[Records from a dataset]
↓↓↓

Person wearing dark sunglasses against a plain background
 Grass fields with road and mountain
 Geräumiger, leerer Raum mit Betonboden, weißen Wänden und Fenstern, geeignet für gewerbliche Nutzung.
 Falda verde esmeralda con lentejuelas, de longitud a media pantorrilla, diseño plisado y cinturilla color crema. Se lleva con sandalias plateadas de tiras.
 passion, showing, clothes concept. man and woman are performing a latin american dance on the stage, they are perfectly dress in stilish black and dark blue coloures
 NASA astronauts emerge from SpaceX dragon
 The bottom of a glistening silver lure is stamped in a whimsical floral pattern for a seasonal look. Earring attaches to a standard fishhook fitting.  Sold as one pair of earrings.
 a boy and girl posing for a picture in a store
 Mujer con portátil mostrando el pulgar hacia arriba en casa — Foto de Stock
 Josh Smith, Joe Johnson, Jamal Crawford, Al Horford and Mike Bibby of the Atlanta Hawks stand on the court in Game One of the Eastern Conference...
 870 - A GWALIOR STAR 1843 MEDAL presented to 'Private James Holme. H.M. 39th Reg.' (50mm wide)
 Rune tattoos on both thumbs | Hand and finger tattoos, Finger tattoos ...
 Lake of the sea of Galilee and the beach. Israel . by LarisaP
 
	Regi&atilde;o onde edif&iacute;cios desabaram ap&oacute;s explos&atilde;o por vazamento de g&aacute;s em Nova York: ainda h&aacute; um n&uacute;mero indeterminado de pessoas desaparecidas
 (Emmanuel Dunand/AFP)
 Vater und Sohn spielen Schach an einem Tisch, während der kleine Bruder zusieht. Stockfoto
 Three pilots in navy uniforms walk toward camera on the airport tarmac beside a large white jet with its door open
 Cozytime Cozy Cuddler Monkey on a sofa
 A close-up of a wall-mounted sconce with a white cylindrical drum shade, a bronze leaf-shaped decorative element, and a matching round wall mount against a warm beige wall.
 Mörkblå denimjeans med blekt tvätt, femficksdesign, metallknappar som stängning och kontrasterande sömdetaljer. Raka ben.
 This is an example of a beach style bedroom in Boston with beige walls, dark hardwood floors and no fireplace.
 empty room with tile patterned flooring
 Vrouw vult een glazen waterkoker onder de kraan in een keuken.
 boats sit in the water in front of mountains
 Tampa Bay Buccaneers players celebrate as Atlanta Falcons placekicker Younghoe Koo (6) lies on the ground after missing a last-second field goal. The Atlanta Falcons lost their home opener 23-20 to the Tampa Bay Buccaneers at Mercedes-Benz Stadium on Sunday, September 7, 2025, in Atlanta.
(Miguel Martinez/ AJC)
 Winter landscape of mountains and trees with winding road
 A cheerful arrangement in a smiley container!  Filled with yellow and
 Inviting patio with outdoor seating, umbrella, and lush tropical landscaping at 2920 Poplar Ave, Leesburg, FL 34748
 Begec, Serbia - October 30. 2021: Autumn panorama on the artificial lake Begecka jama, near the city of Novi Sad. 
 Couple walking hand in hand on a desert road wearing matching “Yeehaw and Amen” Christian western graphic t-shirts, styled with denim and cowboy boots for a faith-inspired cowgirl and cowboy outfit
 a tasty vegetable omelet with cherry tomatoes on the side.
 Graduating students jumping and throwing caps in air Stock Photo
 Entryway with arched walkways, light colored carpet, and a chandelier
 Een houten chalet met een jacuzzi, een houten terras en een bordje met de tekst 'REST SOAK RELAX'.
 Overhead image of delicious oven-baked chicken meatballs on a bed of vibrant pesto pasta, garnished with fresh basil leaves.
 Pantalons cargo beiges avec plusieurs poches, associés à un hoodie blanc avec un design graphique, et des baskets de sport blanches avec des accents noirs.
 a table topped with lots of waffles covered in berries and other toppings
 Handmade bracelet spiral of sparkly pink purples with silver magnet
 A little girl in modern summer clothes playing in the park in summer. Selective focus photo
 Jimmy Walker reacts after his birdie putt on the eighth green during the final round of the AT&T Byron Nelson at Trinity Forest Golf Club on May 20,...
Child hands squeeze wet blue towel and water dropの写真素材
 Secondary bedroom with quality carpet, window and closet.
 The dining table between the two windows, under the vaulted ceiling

↑↑↑

- _What you need to do_
Please transcribe all of the data above exactly.

- _Response to the task_
Person wearing dark sunglasses against a plain background
 Grass fields with road and mountain
 Geräumiger, leerer Raum mit Betonboden, weißen Wänden und Fenstern, geeignet für gewerbliche Nutzung.
 Falda verde esmeralda con lentejuelas, de longitud a media pantorrilla, diseño plisado y cinturilla color crema. Se lleva con sandalias plateadas de tiras.
 passion, showing, clothes concept. man and woman are performing a latin american dance on the stage, they are perfectly dress in stilish black and dark blue coloures
 NASA astronauts emerge from SpaceX dragon
 The bottom of a glistening silver lure is stamped in a whimsical floral pattern for a seasonal look. Earring attaches to a standard fishhook fitting.  Sold as one pair of earrings.
 a boy and girl posing for a picture in a store
 Mujer con portátil mostrando el pulgar hacia arriba en casa — Foto de Stock
 Josh Smith, Joe Johnson, Jamal Crawford, Al Horford and Mike Bibby of the Atlanta Hawks stand on the court in Game One of the Eastern Conference...
 870 - A GWALIOR STAR 1843 MEDAL presented to 'Private James Holme. H.M. 39th Reg.' (50mm wide)
 Rune tattoos on both thumbs | Hand and finger tattoos, Finger tattoos ...
 Lake of the sea of Galilee and the beach. Israel . by LarisaP
 
	Regi&atilde;o onde edif&iacute;cios desabaram ap&oacute;s explos&atilde;o por vazamento de g&aacute;s em Nova York: ainda h&aacute; um n&uacute;mero indeterminado de pessoas desaparecidas
 (Emmanuel Dunand/AFP)
 Vater und Sohn spielen Schach an einem Tisch, während der kleine Bruder zusieht. Stockfoto
 Three pilots in navy uniforms walk toward camera on the airport tarmac beside a large white jet with its door open
 Cozytime Cozy Cuddler Monkey on a sofa
 A close-up of a wall-mounted sconce with a white cylindrical drum shade, a bronze leaf-shaped decorative element, and a matching round wall mount against a warm beige wall.
 Mörkblå denimjeans med blekt tvätt, femficksdesign, metallknappar som stängning och kontrasterande sömdetaljer. Raka ben.
 This is an example of a beach style bedroom in Boston with beige walls, dark hardwood floors and no fireplace.
 empty room with tile patterned flooring
 Vrouw vult een glazen waterkoker onder de kraan in een keuken.
 boats sit in the water in front of mountains
 Tampa Bay Buccaneers players celebrate as Atlanta Falcons placekicker Younghoe Koo (6) lies on the ground after missing a last-second field goal. The Atlanta Falcons lost their home opener 23-20 to the Tampa Bay Buccaneers at Mercedes-Benz Stadium on Sunday, September 7, 2025, in Atlanta.
(Miguel Martinez/ AJC)
 Winter landscape of mountains and trees with winding road
 A cheerful arrangement in a smiley container!  Filled with yellow and
 Inviting patio with outdoor seating, umbrella, and lush tropical landscaping at 2920 Poplar Ave, Leesburg, FL 34748
 Begec, Serbia - October 30. 2021: Autumn panorama on the artificial lake Begecka jama, near the city of Novi Sad. 
 Couple walking hand in hand on a desert road wearing matching “Yeehaw and Amen” Christian western graphic t-shirts, styled with denim and cowboy boots for a faith-inspired cowgirl and cowboy outfit
 a tasty vegetable omelet with cherry tomatoes on the side.
 Graduating students jumping and throwing caps in air Stock Photo
 Entryway with arched walkways, light colored carpet, and a chandelier
 Een houten chalet met een jacuzzi, een houten terras en een bordje met de tekst 'REST SOAK RELAX'.
 Overhead image of delicious oven-baked chicken meatballs on a bed of vibrant pesto pasta, garnished with fresh basil leaves.
 Pantalons cargo beiges avec plusieurs poches, associés à un hoodie blanc avec un design graphique, et des baskets de sport blanches avec des accents noirs.
 a table topped with lots of waffles covered in berries and other toppings
 Handmade bracelet spiral of sparkly pink purples with silver magnet
 A little girl in modern summer clothes playing in the park in summer. Selective focus photo
 Jimmy Walker reacts after his birdie putt on the eighth green during the final round of the AT&T Byron Nelson at Trinity Forest Golf Club on May 20,...
Child hands squeeze wet blue towel and water dropの写真素材
 Secondary bedroom with quality carpet, window and closet.
 The dining table between the two windows, under the vaulted ceiling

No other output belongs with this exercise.